State media now refer to Mashaei as the “leader of a deviated current.” According to the semiofficial Fars News Agency, Mashaei and his allies are seeking to diminish the role of clerics in the Islamic republic and are predicting the imminent arrival of the Shiite messiah, known as the Mahdi, in order to attract supporters. “This group is unprecedented in the history of the Islamic Republic,” the managing director of Fars, Hamid Reza Moghaddam-Far, wrote on Wednesday.

Iranian media outlets have reported corruption allegations against Mashaei. In addition, parliament has stopped funding for his council for Iranians living abroad, with some accusing the group of contacting the Iranian opposition in the West.

Supporters of Mashaei say that his name is being tarnished in order to pressure the president. Ahmadinejad himself has shown no sign of giving in. “They are making up these jokes of fortunetelling and exorcism,” Ahmadinejad said in an appearance on state television. “Our rivals clearly want to make the people laugh.”

The reason Ahmadinejad has stuck by Mashaei is simple, analysts say: They need each other.

“Both men are two pieces of the same puzzle,” said Amir Mohebbian, an analyst who has in the past supported the president’s policies. “They don’t contradict each other, they complete each other.” He said that the arrest of Mashaei was a real possibility but that it would lead to “an aggressive” reaction by Ahmadinejad.

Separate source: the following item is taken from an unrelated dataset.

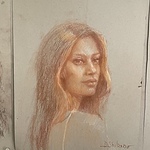 Deirdre Shibano - NAPA VALLEY COLLEGE: PORTRAIT DRAWING with COLOR PENCILS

Ahmadinejad on Sunday publicly declared his allegiance to the supreme leader, complaining that “enemies” were trying to create a rift between the two men. Mashaei, speaking for the first time since the latest controversy erupted, on Friday told the Islamic Republic News Agency that some within the government were “raising the issue of a rift in order to meet their own petty group and factional objectives.” He also expressed strong support for Khamenei and emphasized that the “recent propaganda” had “no effect whatsoever” on the president.